Sunday, November 29, 2015

'Happy Birthday' to my favorite author ~ C. S. Lewis Week

Well, today is the last day of Abigail's C. S. Lewis Week, and it also happens to be the birthday of Jack himself.  (I didn't actually know that, so thanks for the info, Abby! :D)

I thought perhaps I'd attempt a "commemorative post" for the last day/his birthday.  We shall see how it goes;)

C. S. Lewis is my favorite author.  Have I announced that before?  Probably, I just don't remember it.  Well, now you all know (just in case the title didn't clue you in).  Lewis is my favorite, and not just because of Narnia.  I LOVE Narnia, especially the first movie and the books The Magician's Nephew and The Horse and His Boy, but sometimes I think that people judge Lewis's "depth" solely off the Chronicles, and that just MAKES ME MAD.  (I know, I know, I said all this yesterday.  Just stay with me.)

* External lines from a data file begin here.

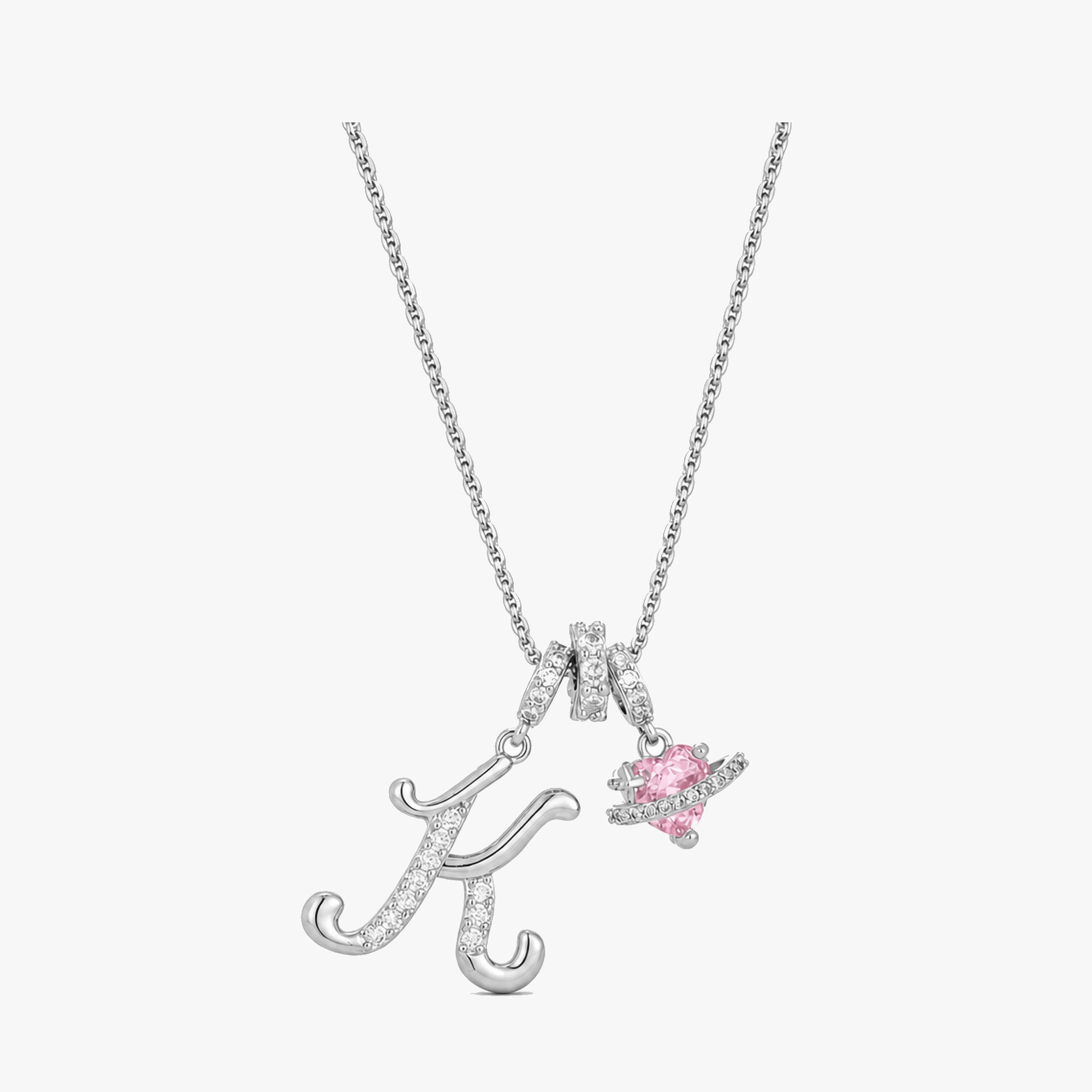 LUMARA – 3-Layer Initial Necklace with Pink Heart Zircon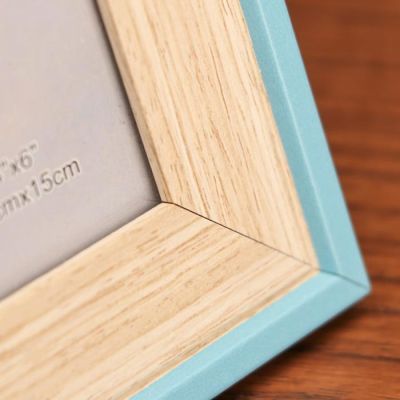 Фоторамка пластик 10х15 см "Белённый дуб с голубой каймой" 19,5х15х1,2 см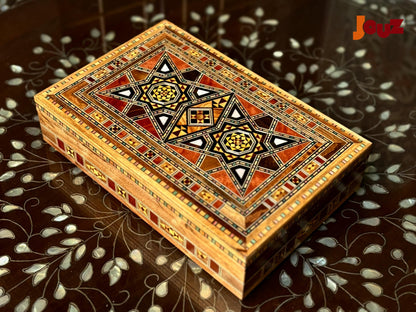 Set of 3 Wooden Mosaic Boxes – Small, Medium & Large – Handcrafted Decorative Trinket Boxes, perfect gift idea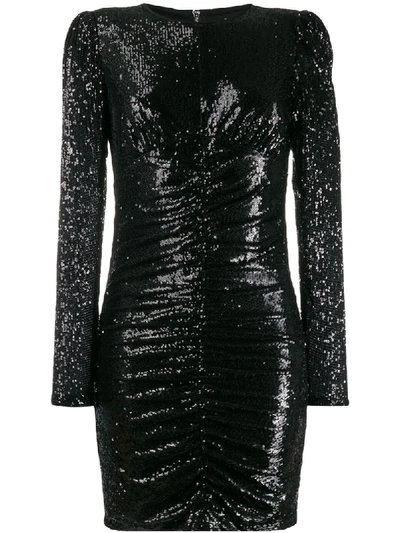 Michael Michael Kors Ruched Sequined Mini Dress In Black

Y'see, I've encountered this a couple times:  people compare Lewis to Tolkien, which I don't think is fair or legitimate in the least.  Because Middle-earth is darker and more epic in proportion to Narnia, people not only think that the Chronicles aren't deep, but they also think that Lewis's writing is more shallow than Tolkien's.

Ahem.  I am civil when this happens, truly, I am ;)

Outwardly I typically just smile or ask if the other person has read much of his other works than Narnia.

Inside I think 'Seriously, READ THE OTHER BOOKS.'  The Chronicles of Narnia are an excellent series of books.  They're amazing.  But they're not all Lewis wrote.  I love Narnia, but I hate it when people see Lewis as only the creator of Narnia, and don't credit him with the stunning other works he produced.  (Though, seriously.  'The creator of Narnia' is an epic title for anybody.)


So.  Yeah.  There's my little rant about misunderstanding and misjudging Lewis;)  Narnia is epic, and so is LotR.  I love them both very, very much.  (Especially LotR.)  Their respective authors need be in no paltry competition.  

Okay *takes deep breath*  Moving on.  

So far--and I plan to lengthen this list greatly--these are the books I've read that were written by Jack (in no particular order).

~ The Problem of Pain 
~ Mere Christianity
~ The Chronicles of Narnia (7 books)
~ The Screwtape Letters
~ Out of the Silent Planet
~ Till We Have Faces

Huh.  That doesn't look like very much typed out.  Oh, well ;)  I hope to read ALL of his works one day, but it'll probably take a while.  For now, how about talking about the ones I have read?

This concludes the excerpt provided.